Ayer se reventaron dos actos que los de VOX querían haber celebrado en Barcelona, en la calle Balmes, y en Sitges. Los llamados Comités de defensa de la República irrumpieron violentamente en los dos escenarios y los mossos tuvieron que escoltar la salida de lo de Santiago Abascal. También en Zaragoza ocurrió lo mismo.

No es éste el camino de la convivencia y no puede sentirse orgulloso el presidente Sánchez de estar partiendo España en dos mitades que empiezan a enfrentarse en las calles.

Por eso me ha alegrado que la novedad del día venga de un ámbito muy distinto a esta política vengativa. La película 'Campeones', de Guillermo Fesser, se ha alzado con el triunfo en los premios Forqué de cine, que anticipan los Goya españoles, y es una demostración de que la bondad conquista los corazones de todos los colores cuando se exhibe con humilde naturalidad.

Esta historia de discapacitados psíquicos que forman un equipo de baloncesto y que con su talla humana cambian la vida de un entrenador que proviene de la ambición y el estrellato nos ha convencido a todos, tirios y troyanos. Es una paradoja que personas tan despreciadas, cuyo aborto se busca minuciosa y selectivamente, nos hayan demostrado la belleza de la existencia. Para mí es una gran lección de que las cosas son sencillas y profundas, mucho más de lo que solemos plantearlas en nuestro mundo en blanco y negro. Y también de que la sociedad española es mucho más rica que las discusiones políticas. Ahí fuera hay talento y amor, y muchas personas luchando todos los días por hacer cosas buenas, sacar adelante a sus familias y colaborar unas con otras.
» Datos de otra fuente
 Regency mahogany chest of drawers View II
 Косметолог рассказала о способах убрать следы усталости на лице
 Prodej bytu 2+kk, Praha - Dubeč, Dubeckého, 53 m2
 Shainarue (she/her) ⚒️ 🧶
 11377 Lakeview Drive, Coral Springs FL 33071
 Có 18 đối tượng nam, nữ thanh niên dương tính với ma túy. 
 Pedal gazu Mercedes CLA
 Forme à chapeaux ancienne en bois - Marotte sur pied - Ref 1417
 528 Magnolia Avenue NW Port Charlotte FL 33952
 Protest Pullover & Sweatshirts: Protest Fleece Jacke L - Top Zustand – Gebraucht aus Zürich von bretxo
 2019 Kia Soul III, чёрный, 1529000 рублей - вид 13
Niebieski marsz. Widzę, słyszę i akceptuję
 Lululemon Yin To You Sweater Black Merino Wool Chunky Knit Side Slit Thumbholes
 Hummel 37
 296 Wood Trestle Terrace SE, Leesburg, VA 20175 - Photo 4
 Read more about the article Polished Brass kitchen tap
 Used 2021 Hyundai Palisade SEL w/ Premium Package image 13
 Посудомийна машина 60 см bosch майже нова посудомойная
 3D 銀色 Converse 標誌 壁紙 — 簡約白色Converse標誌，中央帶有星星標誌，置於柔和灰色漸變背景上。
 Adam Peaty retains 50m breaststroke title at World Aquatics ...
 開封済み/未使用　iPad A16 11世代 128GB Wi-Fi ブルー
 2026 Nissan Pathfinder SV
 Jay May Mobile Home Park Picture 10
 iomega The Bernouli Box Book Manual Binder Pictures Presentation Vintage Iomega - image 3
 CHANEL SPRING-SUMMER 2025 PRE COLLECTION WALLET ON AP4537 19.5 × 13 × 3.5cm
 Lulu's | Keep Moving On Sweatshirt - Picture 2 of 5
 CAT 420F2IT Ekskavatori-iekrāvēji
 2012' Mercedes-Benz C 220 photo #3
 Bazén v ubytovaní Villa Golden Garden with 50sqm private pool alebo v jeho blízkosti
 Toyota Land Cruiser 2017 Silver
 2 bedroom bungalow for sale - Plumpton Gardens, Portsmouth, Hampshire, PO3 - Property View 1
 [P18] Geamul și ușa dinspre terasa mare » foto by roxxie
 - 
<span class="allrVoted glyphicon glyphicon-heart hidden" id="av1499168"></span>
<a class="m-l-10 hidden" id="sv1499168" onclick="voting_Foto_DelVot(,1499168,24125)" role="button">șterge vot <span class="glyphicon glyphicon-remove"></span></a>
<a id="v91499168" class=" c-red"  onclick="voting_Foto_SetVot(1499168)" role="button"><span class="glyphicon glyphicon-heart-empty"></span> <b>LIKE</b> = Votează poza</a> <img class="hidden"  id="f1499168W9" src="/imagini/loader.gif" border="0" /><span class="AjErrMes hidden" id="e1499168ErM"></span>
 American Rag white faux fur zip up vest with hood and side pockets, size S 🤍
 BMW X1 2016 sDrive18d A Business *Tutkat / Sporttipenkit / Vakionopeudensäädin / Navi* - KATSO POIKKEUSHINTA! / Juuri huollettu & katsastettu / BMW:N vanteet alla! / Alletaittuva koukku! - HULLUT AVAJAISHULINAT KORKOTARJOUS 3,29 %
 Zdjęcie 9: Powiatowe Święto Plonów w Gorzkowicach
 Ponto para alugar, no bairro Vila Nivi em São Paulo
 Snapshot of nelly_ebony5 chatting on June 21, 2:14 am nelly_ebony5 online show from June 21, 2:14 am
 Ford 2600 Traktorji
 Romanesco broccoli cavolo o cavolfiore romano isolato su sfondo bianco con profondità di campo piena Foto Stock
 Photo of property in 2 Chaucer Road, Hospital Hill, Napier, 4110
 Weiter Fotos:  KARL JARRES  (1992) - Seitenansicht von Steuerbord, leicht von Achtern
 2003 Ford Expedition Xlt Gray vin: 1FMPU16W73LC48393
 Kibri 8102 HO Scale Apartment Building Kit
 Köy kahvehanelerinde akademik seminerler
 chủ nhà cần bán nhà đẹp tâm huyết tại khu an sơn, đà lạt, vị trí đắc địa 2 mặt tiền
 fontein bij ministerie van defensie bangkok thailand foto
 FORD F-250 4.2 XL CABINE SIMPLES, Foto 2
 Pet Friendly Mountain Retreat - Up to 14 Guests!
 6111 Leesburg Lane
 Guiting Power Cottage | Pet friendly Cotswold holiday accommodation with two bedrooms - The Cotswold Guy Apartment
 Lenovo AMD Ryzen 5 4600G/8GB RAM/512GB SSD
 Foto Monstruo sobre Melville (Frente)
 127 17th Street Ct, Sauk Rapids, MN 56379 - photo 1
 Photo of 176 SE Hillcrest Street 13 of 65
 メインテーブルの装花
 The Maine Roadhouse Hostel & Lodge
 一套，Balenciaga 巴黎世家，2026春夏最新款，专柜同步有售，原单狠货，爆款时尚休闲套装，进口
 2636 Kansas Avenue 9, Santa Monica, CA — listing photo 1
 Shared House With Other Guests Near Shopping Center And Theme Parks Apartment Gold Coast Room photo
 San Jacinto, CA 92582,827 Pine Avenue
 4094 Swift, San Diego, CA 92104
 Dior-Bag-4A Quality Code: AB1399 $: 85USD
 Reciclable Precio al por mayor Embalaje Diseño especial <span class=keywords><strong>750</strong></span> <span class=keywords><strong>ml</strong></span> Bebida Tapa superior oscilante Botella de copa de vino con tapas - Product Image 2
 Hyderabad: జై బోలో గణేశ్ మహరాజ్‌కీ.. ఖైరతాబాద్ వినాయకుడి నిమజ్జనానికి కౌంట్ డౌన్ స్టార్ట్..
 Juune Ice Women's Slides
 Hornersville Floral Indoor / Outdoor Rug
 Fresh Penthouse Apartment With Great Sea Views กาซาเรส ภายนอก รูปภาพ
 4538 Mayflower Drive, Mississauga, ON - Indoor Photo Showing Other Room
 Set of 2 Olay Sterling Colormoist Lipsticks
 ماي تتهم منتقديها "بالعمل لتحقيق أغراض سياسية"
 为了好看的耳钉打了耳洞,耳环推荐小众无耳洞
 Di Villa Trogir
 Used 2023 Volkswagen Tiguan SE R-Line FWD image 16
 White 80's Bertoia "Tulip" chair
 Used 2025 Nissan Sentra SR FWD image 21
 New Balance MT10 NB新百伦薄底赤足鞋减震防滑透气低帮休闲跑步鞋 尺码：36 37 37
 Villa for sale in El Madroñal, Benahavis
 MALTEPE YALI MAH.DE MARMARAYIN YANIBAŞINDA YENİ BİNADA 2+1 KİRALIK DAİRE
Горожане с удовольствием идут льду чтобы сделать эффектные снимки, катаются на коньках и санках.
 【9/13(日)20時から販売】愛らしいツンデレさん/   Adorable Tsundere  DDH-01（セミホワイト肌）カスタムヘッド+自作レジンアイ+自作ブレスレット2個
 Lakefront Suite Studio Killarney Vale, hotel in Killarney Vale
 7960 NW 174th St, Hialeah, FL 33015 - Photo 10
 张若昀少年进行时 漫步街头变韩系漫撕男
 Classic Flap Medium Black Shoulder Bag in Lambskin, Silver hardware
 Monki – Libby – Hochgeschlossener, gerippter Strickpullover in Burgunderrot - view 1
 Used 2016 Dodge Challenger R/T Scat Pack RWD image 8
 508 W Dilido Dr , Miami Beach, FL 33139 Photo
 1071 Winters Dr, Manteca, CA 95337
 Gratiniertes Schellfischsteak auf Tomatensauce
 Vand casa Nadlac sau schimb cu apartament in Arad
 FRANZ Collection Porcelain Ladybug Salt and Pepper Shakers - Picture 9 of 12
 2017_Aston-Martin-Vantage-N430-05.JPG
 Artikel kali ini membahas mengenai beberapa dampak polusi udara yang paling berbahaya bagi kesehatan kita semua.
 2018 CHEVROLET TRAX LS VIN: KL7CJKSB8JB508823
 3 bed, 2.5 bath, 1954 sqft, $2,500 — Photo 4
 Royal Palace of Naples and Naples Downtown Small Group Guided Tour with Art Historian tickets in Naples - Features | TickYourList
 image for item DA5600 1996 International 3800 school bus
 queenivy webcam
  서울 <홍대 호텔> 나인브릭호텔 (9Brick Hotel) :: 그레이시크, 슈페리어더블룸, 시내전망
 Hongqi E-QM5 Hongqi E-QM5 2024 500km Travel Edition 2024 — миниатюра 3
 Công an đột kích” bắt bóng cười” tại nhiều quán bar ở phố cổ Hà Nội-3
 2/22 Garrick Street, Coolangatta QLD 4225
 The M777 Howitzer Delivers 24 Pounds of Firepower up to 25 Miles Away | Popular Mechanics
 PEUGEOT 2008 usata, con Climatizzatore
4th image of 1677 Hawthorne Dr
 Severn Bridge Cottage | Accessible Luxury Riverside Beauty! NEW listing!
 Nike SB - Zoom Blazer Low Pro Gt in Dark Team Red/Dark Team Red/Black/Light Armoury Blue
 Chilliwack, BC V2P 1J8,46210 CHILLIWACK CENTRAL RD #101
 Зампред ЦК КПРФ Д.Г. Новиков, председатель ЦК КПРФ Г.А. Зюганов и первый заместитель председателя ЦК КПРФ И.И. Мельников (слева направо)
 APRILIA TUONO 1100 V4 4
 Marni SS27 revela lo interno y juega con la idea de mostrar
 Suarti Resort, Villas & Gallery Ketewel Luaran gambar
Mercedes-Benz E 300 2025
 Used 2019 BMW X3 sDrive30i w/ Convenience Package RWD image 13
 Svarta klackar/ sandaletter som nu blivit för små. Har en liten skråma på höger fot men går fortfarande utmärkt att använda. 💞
En esta mañana de domingo voy a cerrar este editorial con una cita inusitada. Una cita de Terelu, la hija de nuestra compañera María Teresa Campos. Resulta que esta chica, afectada de un cáncer de pecho, ha tenido que amputarse ambos pechos, una operación muy traumática para cualquiera de nosotras. En ese doloroso camino, parece ser que sus heridas la han tenido muy enferma durante tres largos meses. A veces, los golpes de la vida tienen un extraño significado, que la mayor parte de las ocasiones no sabemos anticipar. Y en este caso, ha ocurrido que la presentadora ha estado reflexionando, entre otras cosas acerca de su trabajo en televisión, en la tertulia de 'Sálvame'. En unas declaraciones a Mila Ximénez en entrevista, afirma Terelu que su circunstancia personal le ha hecho considerar que tal vez lo que hacen podría cambiarse para bien: “Me he dado cuenta -señala- de que somos demoledores con algunas personas, no mostramos simpatía ni apego a la gente y quizá deberíamos frenar un poco”.

Bien por Terelu. Ciertos programas destruyen más que construir la sociedad en la que vivimos. Yo me acosté anoche rumiando sus palabras. Pensando en las veces que yo también lo he hecho mal y lo muy hermosa que podría ser la convivencia si todos nos esforzásemos sencillamente en compadecernos un poco de los demás.